Reality, too, is just what things look like from a physicist's perspective — and if it looks different to others, that is an illusion. When Carroll discusses time, he means the quantity that scientists measure. Everyday experience leads us to think that time flows in one direction, but he assures us that “in reality, both directions of time are created equal”. The ontologically fastidious would say, “Not so fast!” Time as lived by humans is something else again. Both outside and even inside workshops, to be bored or expectant, to hear a melody or to plan and execute an action is not to register one moment after another, but to retain previous ones and anticipate the next in an asymmetrical flow. Determining time in the workshop is an elaborate process, and assumes that you can mark it off as you can space, and then measure the spatial movement of something, whether it is the motions of heavenly bodies in ancient times or electronic transitions in caesium atoms in ours. Yet according to Carroll, this is real time.

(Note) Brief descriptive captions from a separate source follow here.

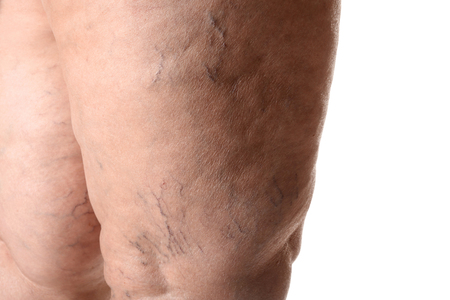 Woman's legs with varicose on white background, closeupの写真素材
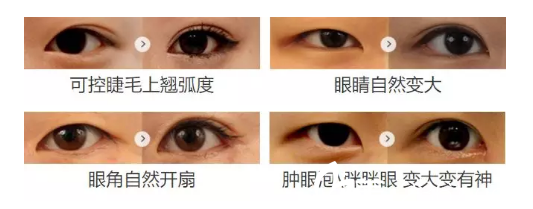 翹睫美瞳術(shù)案例 翹睫美瞳術(shù)案例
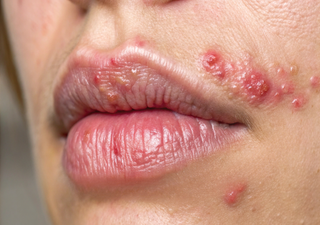 Herpes kann das Gehirn schädigen: Neue Studie zeigt, wie das Virus Verhalten verändert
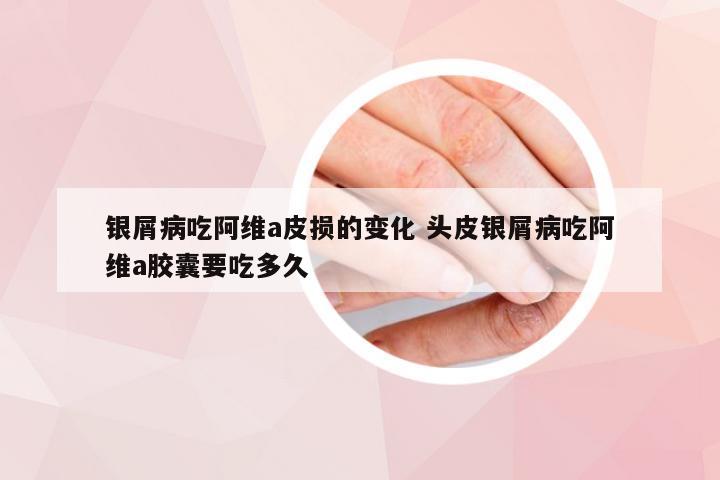 银屑病吃阿维a皮损的变化 头皮银屑病吃阿维a胶囊要吃多久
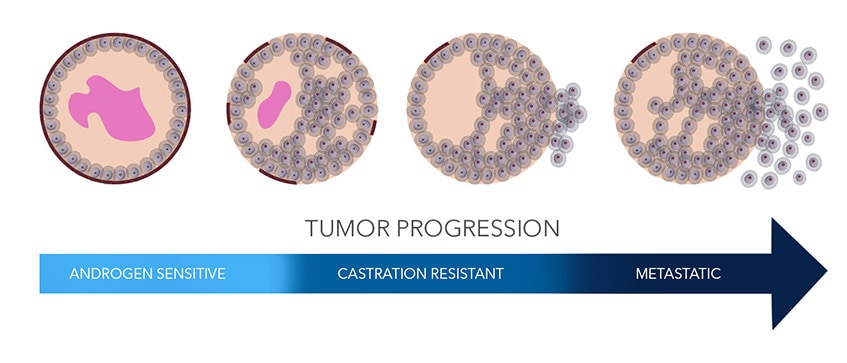 Prostate Cancer Tumor Progression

If we accept the strict ontology of the workshop, as Carroll does, then we get his big picture and regard lived time, conscious experience and the rest of pre-workshop life as poetic and emergent. But there are broader ontologies in which the same things — which belong to the world described by the humanities and branches of biology, for instance — are regarded as fundamental, and as the driving force for workshop activity. Carroll's is a naturalistic metaphysics.
Carroll brings tremendous passion to his writing. He is sure that honest human beings who care about the world make an effort to understand it as he does. He is right that science springs from certain basic human impulses to achieve goals and ward off threats. But where do his passion and certainty about this come from? They, too, are imported from and continue to be rooted in pre-workshop life. To find a way to talk about how scientific workshops emerge from life rather than the other way around — that would be a big picture indeed.